◆ Action item ◆
Set the listing down unchanged, minus every embedded image.

◆ Recorded data ◆
++++++++

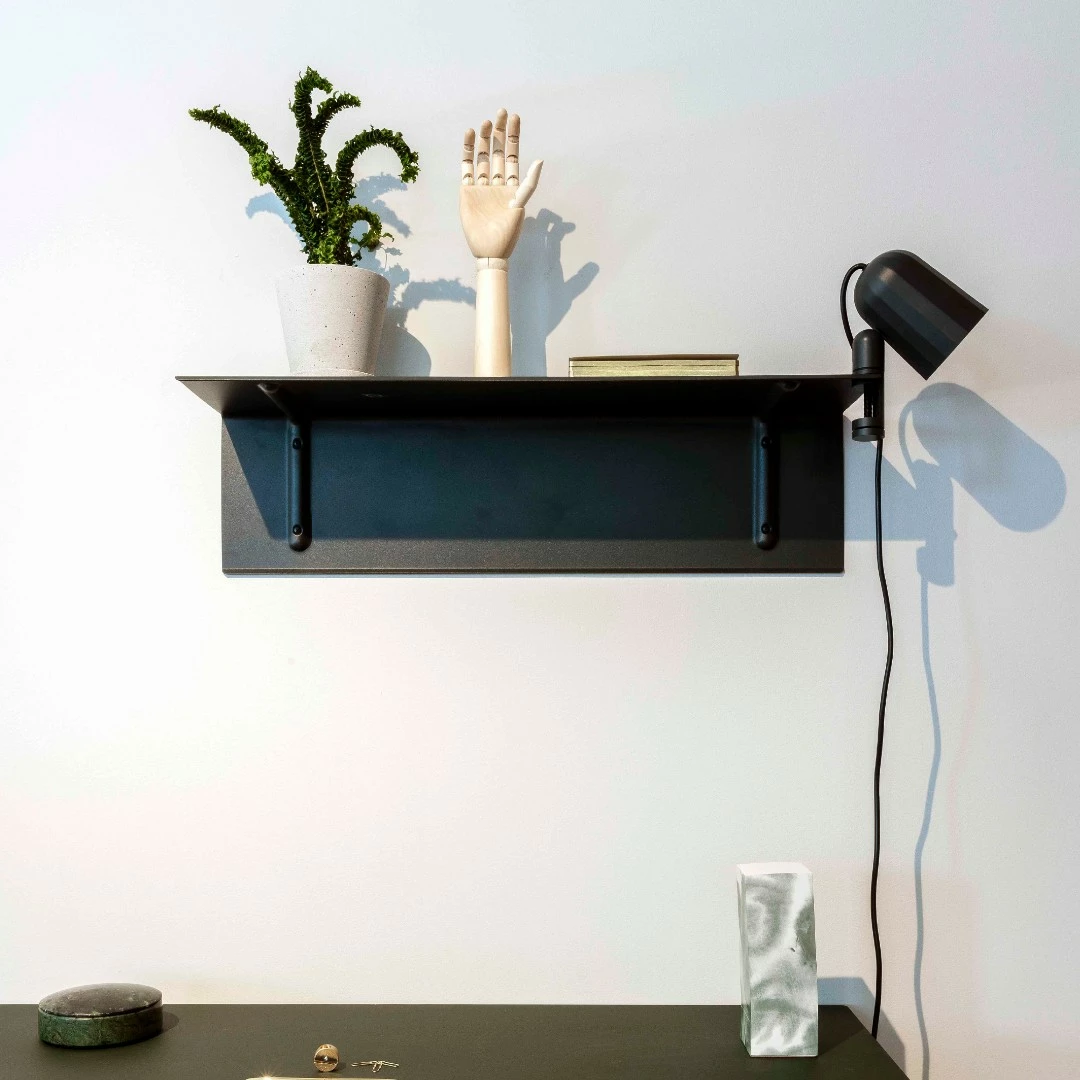 Hay Brackets Included Shelf 6 Hay Brackets Included Shelf - Image 4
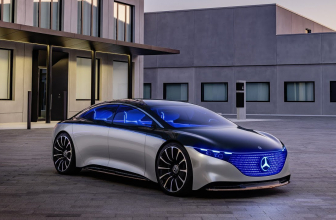 2022 Mercedes-Benz EQS Debuts With Slippery Styling And 478-Mile Range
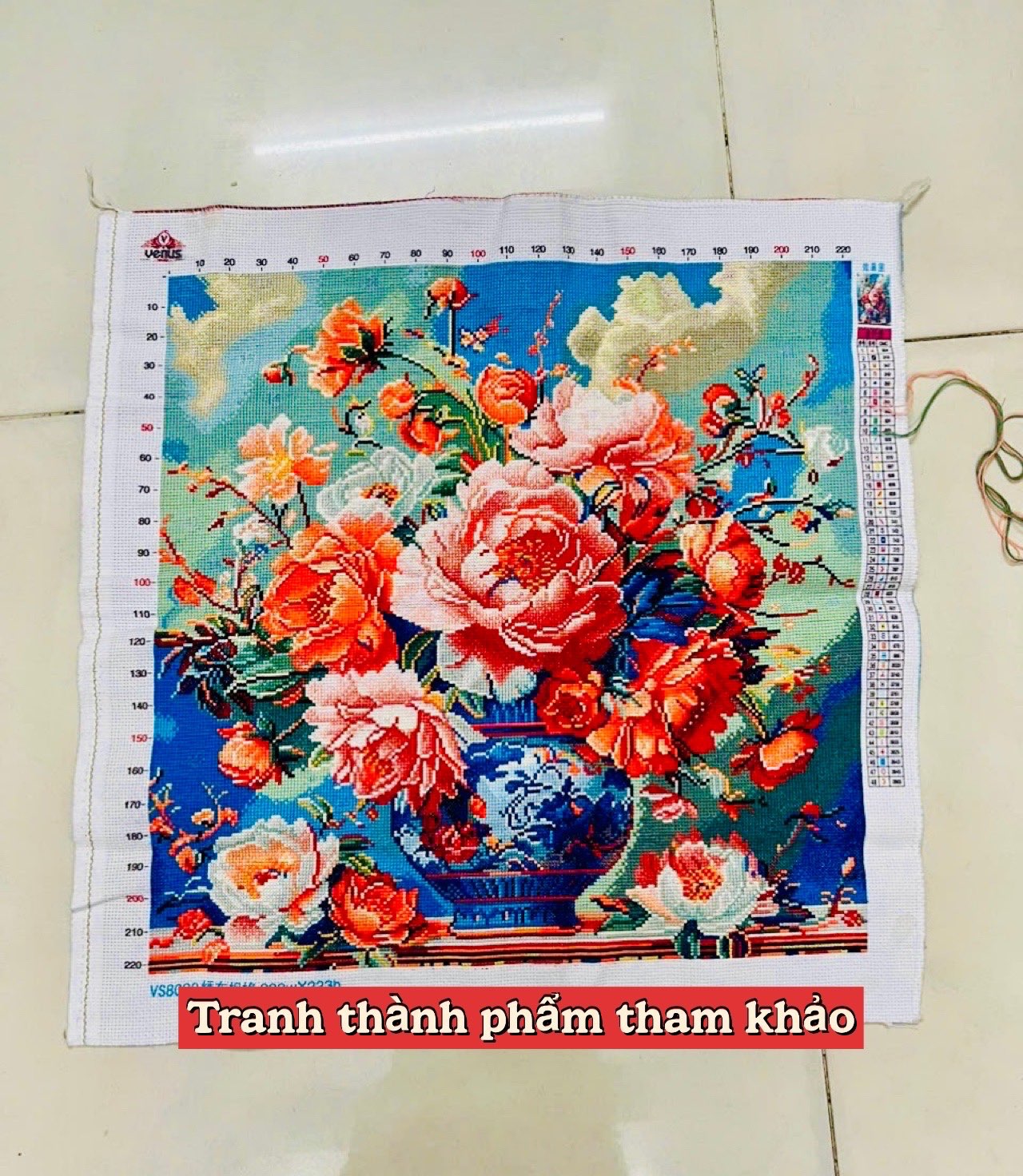 Tranh bình hoa mẫu đơn rực rỡ VS8090, kích thước 60x60 cm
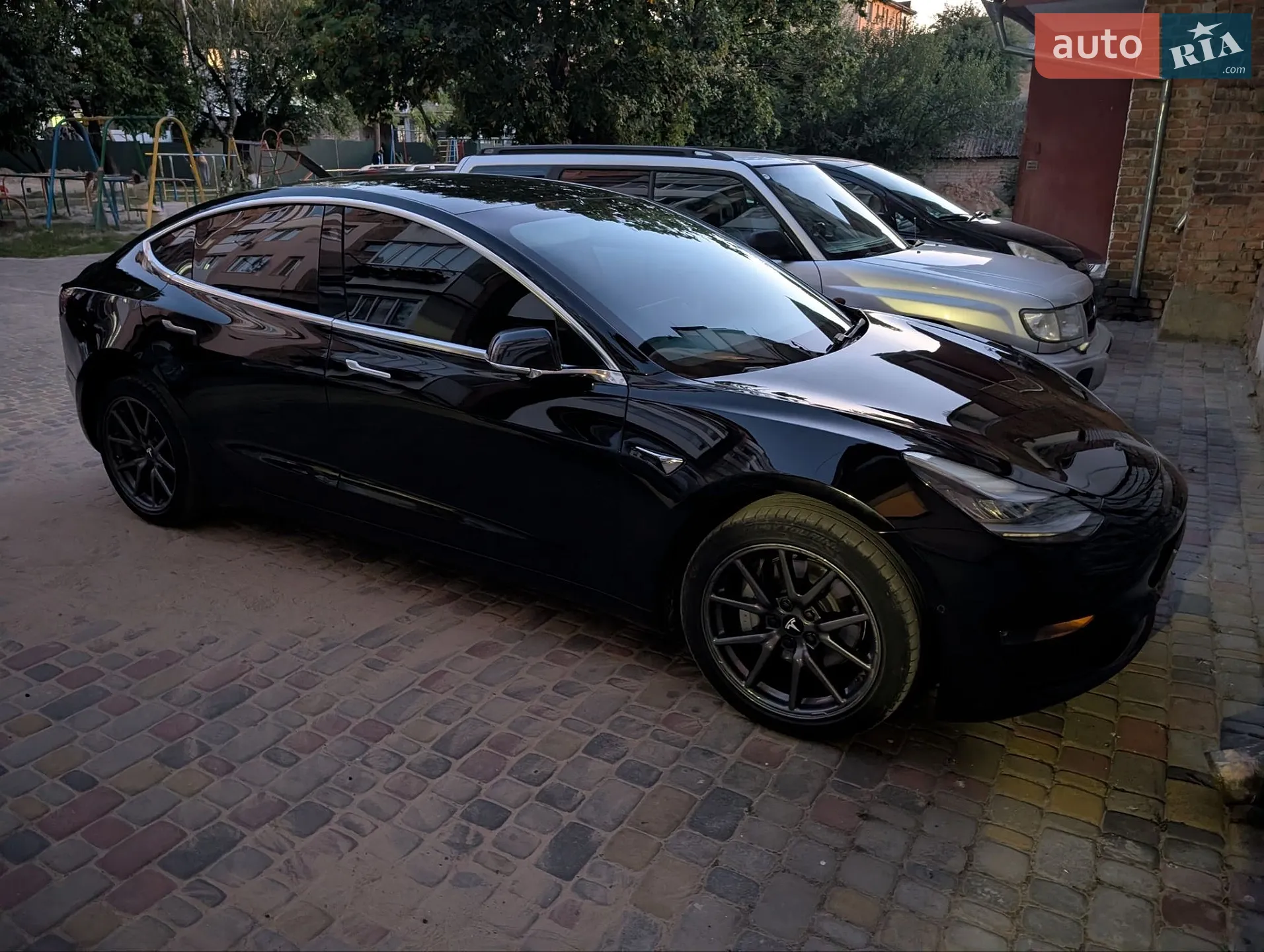 Tesla Model 3 2019 — 1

++++++++

◆ Output for this task ◆
 Hay Brackets Included Shelf 6 Hay Brackets Included Shelf - Image 4
 2022 Mercedes-Benz EQS Debuts With Slippery Styling And 478-Mile Range
 Tranh bình hoa mẫu đơn rực rỡ VS8090, kích thước 60x60 cm
 Tesla Model 3 2019 — 1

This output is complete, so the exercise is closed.